A subset $S$ of vertices in a graph $G$ is a secure total dominating set of $G$ if $S$ is a total dominating set of $G$ and, for each vertex $u \not\in S$, there is a vertex $v \in S$ such that $uv$ is an edge and $(S \setminus \{v\}) \cup \{u\}$ is also a total dominating set of $G$. We show that if $G$ is a maximal outerplanar graph of order $n$, then $G$ has a total secure dominating set of size at most $\lfloor 2n/3 \rfloor$. Moreover, if an outerplanar graph $G$ of order $n$, then each secure total dominating set has at least $\lceil (n+2)/3 \rceil$ vertices. We show that these bounds are best possible.

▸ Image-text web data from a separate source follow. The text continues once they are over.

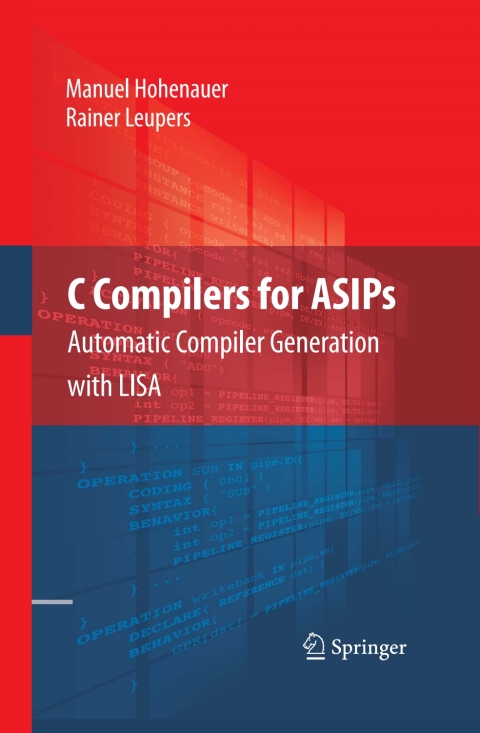 Cover image for book C Compilers for ASIPs
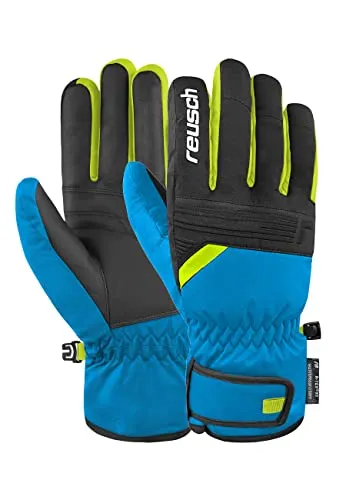 Reusch Baldo R-TEX® XT Winterhandschuhe - Unisex Skihandschuhe, wasserdicht und atmungsaktiv mit R-TEX XT Technologie für warme, trockene Hände – ideal für Wintersport und kalte Tage.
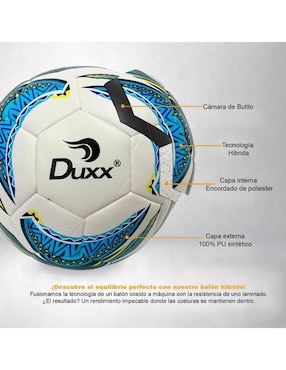 Balón Duxx Sports Start para fútbol adulto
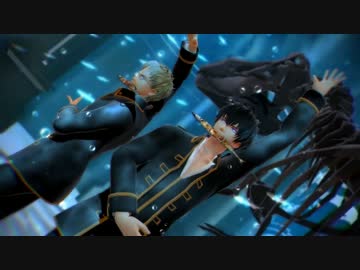 【MMD銀魂】副長＆参謀でブンシャカ【sam式土方モデル１周年】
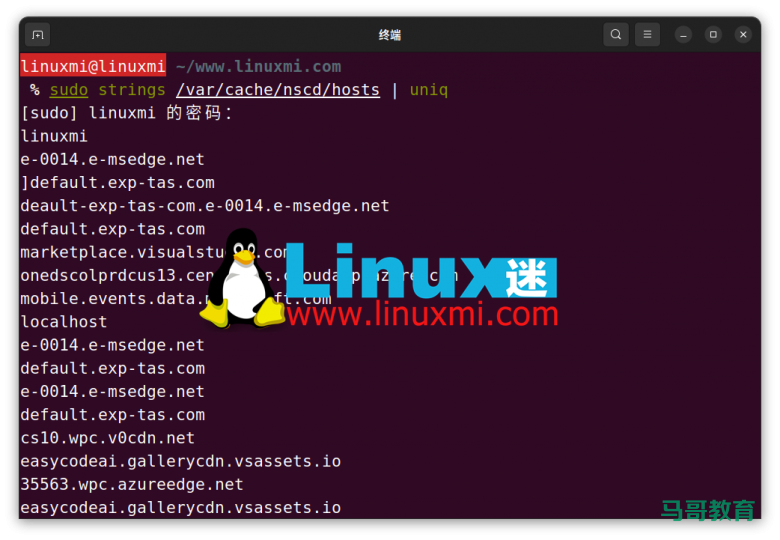 你真的会在 Linux 上查看和刷新 DNS 缓存吗?插图3 你真的会在 Linux 上查看和刷新 DNS 缓存吗?插图3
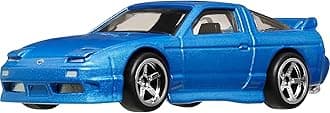 Premium Fast & Furious 1996 Nissan 180SX Type X for 3 Years & Above (Blue)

翻译：图$G$中顶点子集$S$称为$G$的安全全控制集，当且仅当$S$是$G$的全控制集，且对于每个不属于$S$的顶点$u$，存在$v \in S$使得$uv$为边且$(S \setminus \{v\}) \cup \{u\}$仍是$G$的全控制集。本文证明：若$G$为$n$阶极大外平面图，则$G$存在至多$\lfloor 2n/3 \rfloor$个顶点的全安全控制集。此外，对于$n$阶外平面图$G$，每个安全全控制集至少包含$\lceil (n+2)/3 \rceil$个顶点。本文证明这些界限是最优的。